Deep-Inverse Correlography: Towards Real-Time High-Resolution Non-Line-Of-Sight Imaging
Deep Inverse Correlography: A camera uses light scattered off of a rough wall, known as a virtual detector, to reconstruct an image of the hidden object. When using a continuous-wave laser, the camera records speckle. Inset, non-line-of-sight (NLOS) correlography estimates an object’s autocorrelation using speckle images. It then uses this autocorrelation estimate to recover the object’s shape by solving a Phase Retrieval problem. Because it is more robust to noise, the CNN-based method can operate with far less light and thus at higher frame rates than a system relying on traditional PR algorithms like HIO or Alt-Min (exposure time length indicated in the bottom legend).

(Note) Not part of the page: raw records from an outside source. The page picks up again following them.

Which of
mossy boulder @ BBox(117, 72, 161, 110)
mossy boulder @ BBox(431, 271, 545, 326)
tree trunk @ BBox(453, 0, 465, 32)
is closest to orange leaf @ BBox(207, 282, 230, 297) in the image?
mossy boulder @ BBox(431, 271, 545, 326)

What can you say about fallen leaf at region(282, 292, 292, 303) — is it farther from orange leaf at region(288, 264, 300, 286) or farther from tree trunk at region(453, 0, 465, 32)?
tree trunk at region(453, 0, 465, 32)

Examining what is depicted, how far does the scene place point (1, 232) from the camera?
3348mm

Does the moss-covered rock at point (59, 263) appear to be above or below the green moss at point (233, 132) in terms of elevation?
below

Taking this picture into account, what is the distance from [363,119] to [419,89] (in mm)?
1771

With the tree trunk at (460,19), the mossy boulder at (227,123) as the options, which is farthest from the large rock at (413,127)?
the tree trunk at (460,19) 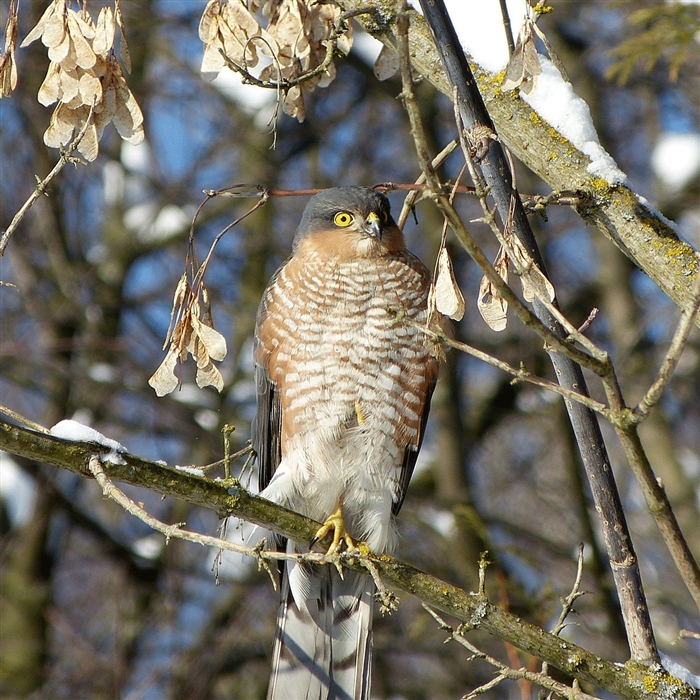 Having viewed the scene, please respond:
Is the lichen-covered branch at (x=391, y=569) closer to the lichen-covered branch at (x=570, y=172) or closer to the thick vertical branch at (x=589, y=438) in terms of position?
the thick vertical branch at (x=589, y=438)

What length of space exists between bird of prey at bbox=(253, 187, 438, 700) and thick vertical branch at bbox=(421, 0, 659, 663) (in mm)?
1163

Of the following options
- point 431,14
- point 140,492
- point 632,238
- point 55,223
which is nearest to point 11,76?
point 431,14

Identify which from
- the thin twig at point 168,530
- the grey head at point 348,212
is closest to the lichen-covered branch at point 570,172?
the grey head at point 348,212

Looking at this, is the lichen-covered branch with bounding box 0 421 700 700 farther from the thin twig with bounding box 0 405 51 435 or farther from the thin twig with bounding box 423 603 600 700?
the thin twig with bounding box 423 603 600 700

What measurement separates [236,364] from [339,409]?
13.2 ft

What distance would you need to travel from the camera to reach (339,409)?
354 cm

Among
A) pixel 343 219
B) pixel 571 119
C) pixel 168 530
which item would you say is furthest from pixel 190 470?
pixel 343 219

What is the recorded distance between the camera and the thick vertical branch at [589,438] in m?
2.22

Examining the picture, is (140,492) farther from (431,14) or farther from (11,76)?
(431,14)

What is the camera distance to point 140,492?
30.6 feet

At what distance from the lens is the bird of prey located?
3.53 m

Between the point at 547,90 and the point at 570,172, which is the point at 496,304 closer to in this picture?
the point at 570,172

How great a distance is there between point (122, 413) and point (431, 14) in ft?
21.7

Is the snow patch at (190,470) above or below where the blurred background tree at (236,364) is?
below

Low signal-to-noise ratio measurements, primarily due to the quartic attenuation of intensity with distance, are arguably the fundamental barrier to real-time, high-resolution, non-line-of-sight (NLoS) imaging at long stand-offs. To better model, characterize, and exploit these low SNR measurements, we use spectral estimation theory to derive a noise model for NLoS correlography. We use this model to develop a speckle correlation based technique for recovering occluded objects from indirect reflections. Then, using only synthetic data sampled from the proposed noise model, and without knowledge of the experimental scenes nor their geometry, we train a deep convolutional neural network (CNN) to solve the noisy phase retrieval problem associated with correlography. We validate that the resulting Deep-Inverse Correlography approach is exceptionally robust to noise, far exceeding the capabilities of existing NLOS systems both in terms of spatial resolution achieved and in terms of total capture time. We use the proposed technique to demonstrate NLoS imaging with 300 μm resolution at a 1 m standoff, using just two 18-th second exposure-length images from a standard CMOS detector.